**Material provided**:
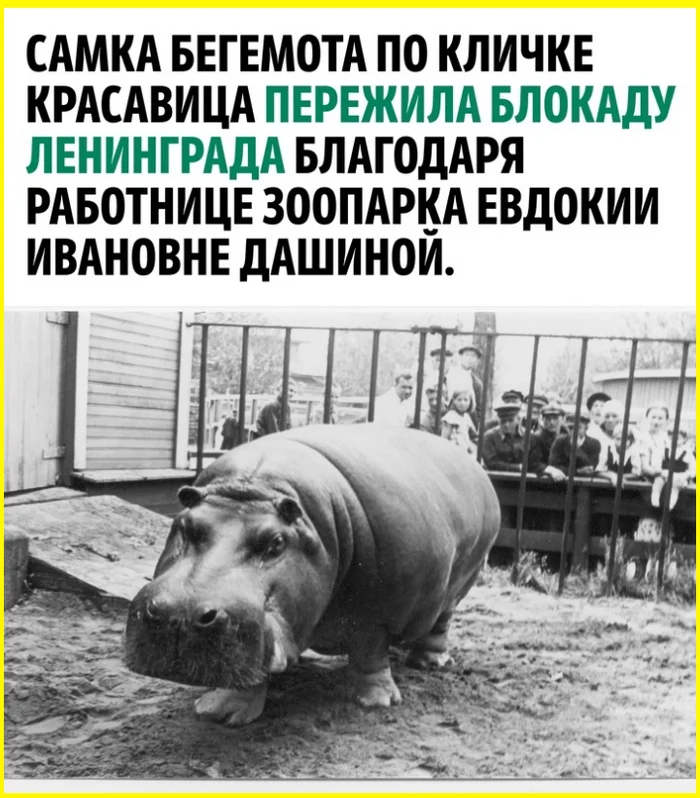 How a zoo worker saved a hippopotamus during the siege of Leningrad - hippopotamus, Leningrad blockade, Zoo, Humanity, Kindness, Animal Rescue, Longpost, A wave of posts, Repeat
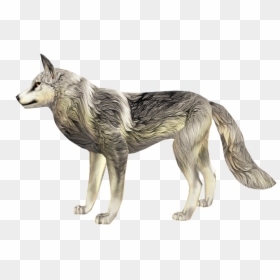 Dog Yawns, HD Png Download - red wolf png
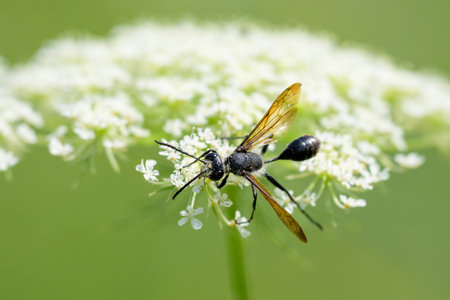 A Mexican Grass-carrying Wasp (Isodontia mexicana) feeding on a white flower, sunny day in summer,...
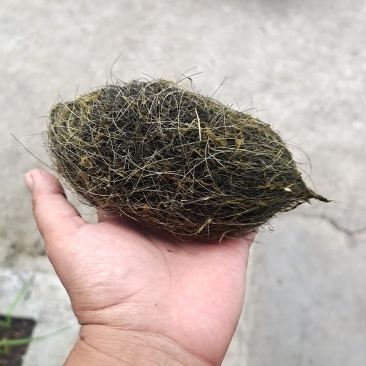 猪宝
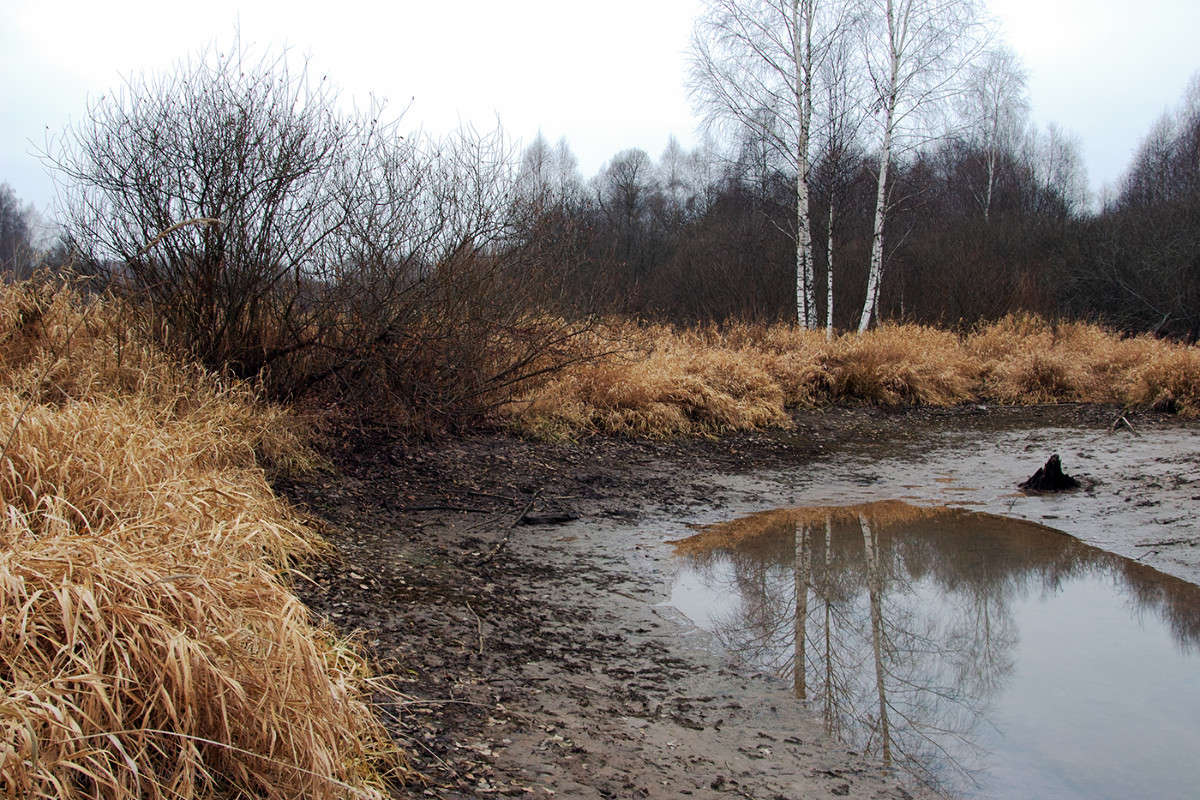 ������ ����..... ����� Vladimir Bronnikov �� PhotoGeek.ru #������ ��� �������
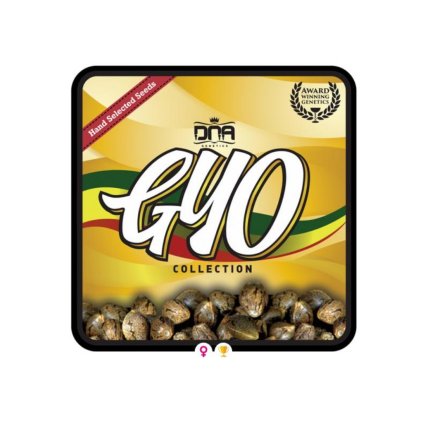 R.K.S. – feminizovaná semena | G.Y.O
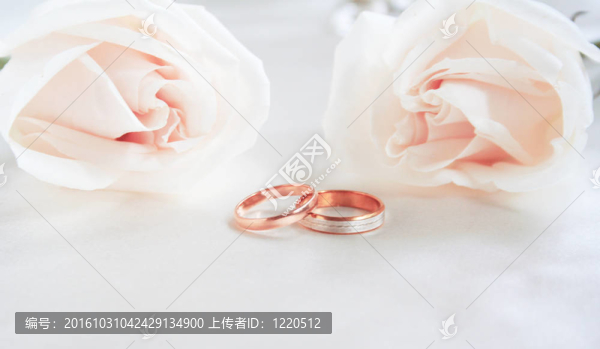 結(jié)婚戒指和玫瑰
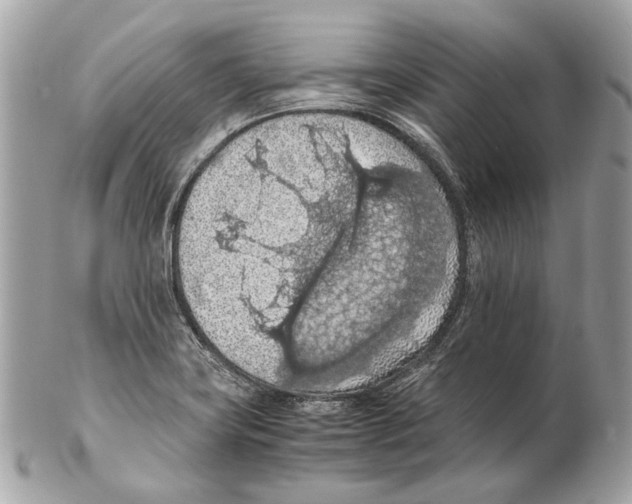 X0000102391419200808291413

**Task description**:
Copy exactly the lines from the line holding "A Mexican Grass-carrying" to the final line of the listing, and leave the pictures out.

**Problem solution**:
 A Mexican Grass-carrying Wasp (Isodontia mexicana) feeding on a white flower, sunny day in summer,...
 猪宝
 ������ ����..... ����� Vladimir Bronnikov �� PhotoGeek.ru #������ ��� �������
 R.K.S. – feminizovaná semena | G.Y.O
 結(jié)婚戒指和玫瑰
 X0000102391419200808291413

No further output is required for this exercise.